A abertura do evento, promovido pela Associação dos Magistrados do Estado de Pernambuco (Amepe), teve como palestrante o presidente da AMB, Rodrigo Collaço, que falou sobre a importância da campanha, e como debatedor o ex-governador de Pernambuco e presidente do partido Democratas (DEM), José Mendonça Filho. Também fizeram parte da mesa o presidente da Amepe, Mozart Valadares, que mediou o debate; a diretora do Fórum de Gravatá, Izilda Dornelas; e o presidente do Tribunal de Justiça de São Paulo, Celso Luiz Limongi.
“A reforma política é um tema de interesse nacional e que pode trazer benefícios para todo o país. É com muita satisfação que trazemos o assunto para ser discutido entre os juízes da região, com a presença de palestrantes qualificados”, afirmou o presidente Mozart Valadares, que abriu o evento.
Para sensibilizar os participantes sobre a importância da campanha, antes de iniciar sua palestra, o presidente da AMB, Rodrigo Collaço, fez questão de exibir um vídeo produzindo pela entidade com depoimentos de cidadãos brasileiros sobre o tema. A maioria das pessoas entrevistadas nas ruas de várias capitais do país não soube responder o que era reforma política.
“Esta não é uma campanha que defende a reforma A ou B, mas que pretende conscientizar o cidadão. As pessoas não sabem o que é reforma política. A população se diz favorável, mas não entende”, explicou Collaço. Ele também ressaltou que o desgaste da imagem política brasileira leva a sociedade a pensar que o sistema político foi concebido para ser ruim. “Na verdade, o sistema precisa ser aperfeiçoado”. Uma das mudanças urgentes apontadas pelo presidente da AMB está relacionada com o número de partidos existentes no Brasil. “O grande número de partidos dificulta a governabilidade. Para compor uma base aliada, é preciso uma série de acordos entre os partidos, nem sempre ‘saudáveis’ para o país”, afirmou.
Segundo Collaço, outro problema está na composição da Câmara dos Deputados. Dos 519 deputados, não chega a 20 o número de políticos que se elegeram sem depender da votação partidária. A grande maioria precisou do voto na legenda. “O eleitor também não se sente representado. Ele acaba esquecendo em quem votou. Sou favorável ao voto na lista partidária. O cidadão não votaria mais no candidato, e sim na lista”.

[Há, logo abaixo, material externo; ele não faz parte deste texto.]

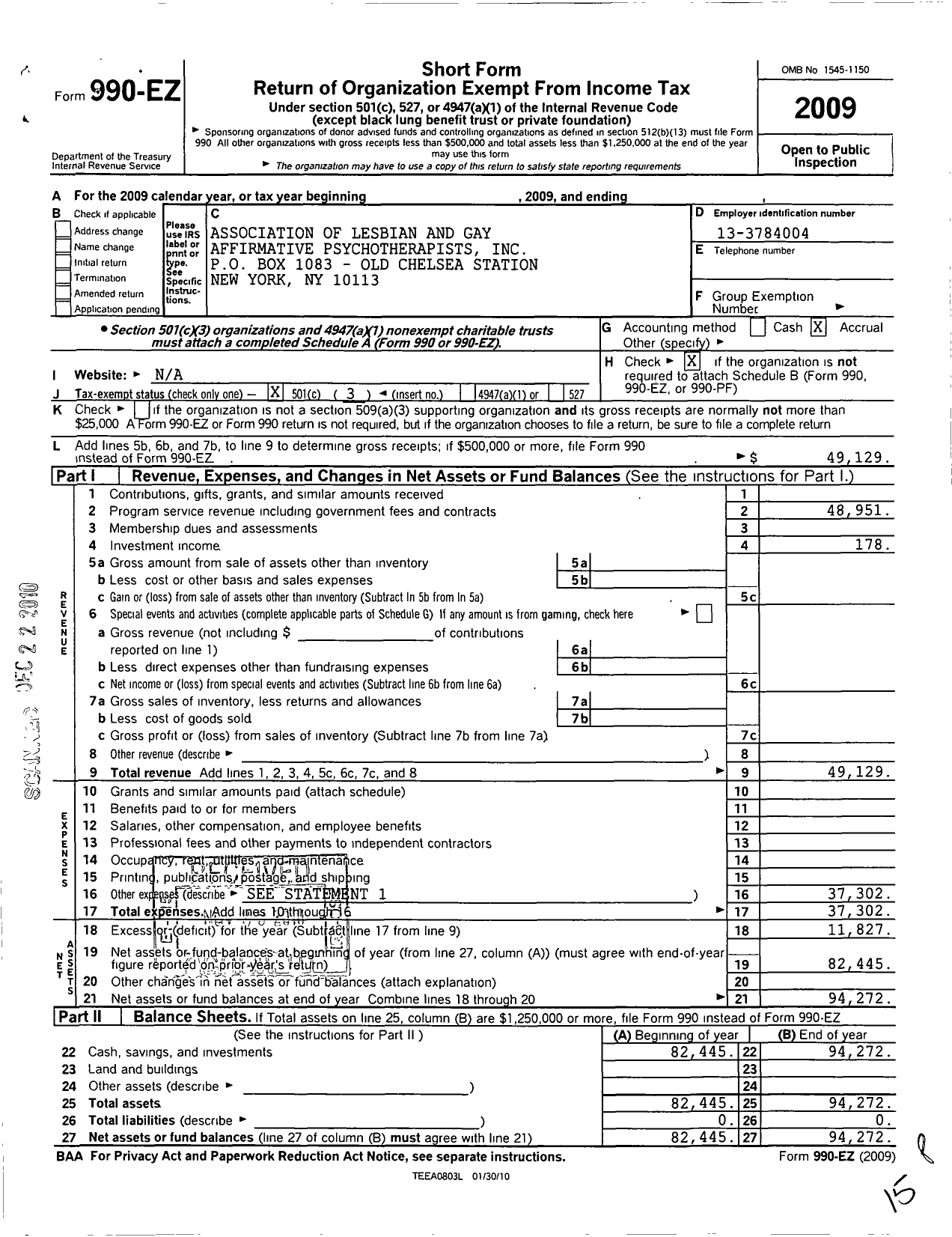 Image of first page of 2009 Form 990EZ for Association of Lesbian and Gay Affirmative Psychotherapists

Para o presidente da AMB, a lista fortaleceria os partidos, que seriam os responsáveis em escolher os candidatos para compor a relação. “O financiamento público de campanha também seria possível, porque a verba seria destinada ao partido, e não ao candidato”, explicou.
Debate
O debatedor da noite, o ex-governador do Estado de Pernambuco e presidente do Democratas (DEM), José Mendonça Filho, demonstrou ser favorável à opinião do palestrante Rodrigo Collaço. “Sobre a reforma política, afirmo que o cerne da questão está no sistema de representação política. Precisamos avançar neste processo. O avanço poderia ser alcançado com a implantação do modelo sugerido por Rodrigo Collaço (lista partidária), ou com o modelo distrital pleno. Ambos dão mais proximidade entre o eleitor e os eleitos e se afastam do caminho da corrupção”, afirmou Mendonça Filho, ressaltando que toda a sua carreira política “foi construída em um único partido, coisa rara na política brasileira. A lógica do mandato pertencer ao partido é absolutamente bem-vinda. A lista também facilitaria a fiscalização das contas de campanha, reduzindo a corrupção”.
Mendonça destacou ainda que se o sistema de representação política fosse modificado, o problema da troca de partidos estaria praticamente resolvido porque inibiria a infidelidade partidária. Ele também criticou o atual projeto de Fidelidade Partidária. “O projeto não pode ser este ‘faz de conta’, que permite ao candidato mudar de partido no período de 30 dias, antes de um ano da eleição que deseja participar. Precisamos de um projeto sério”.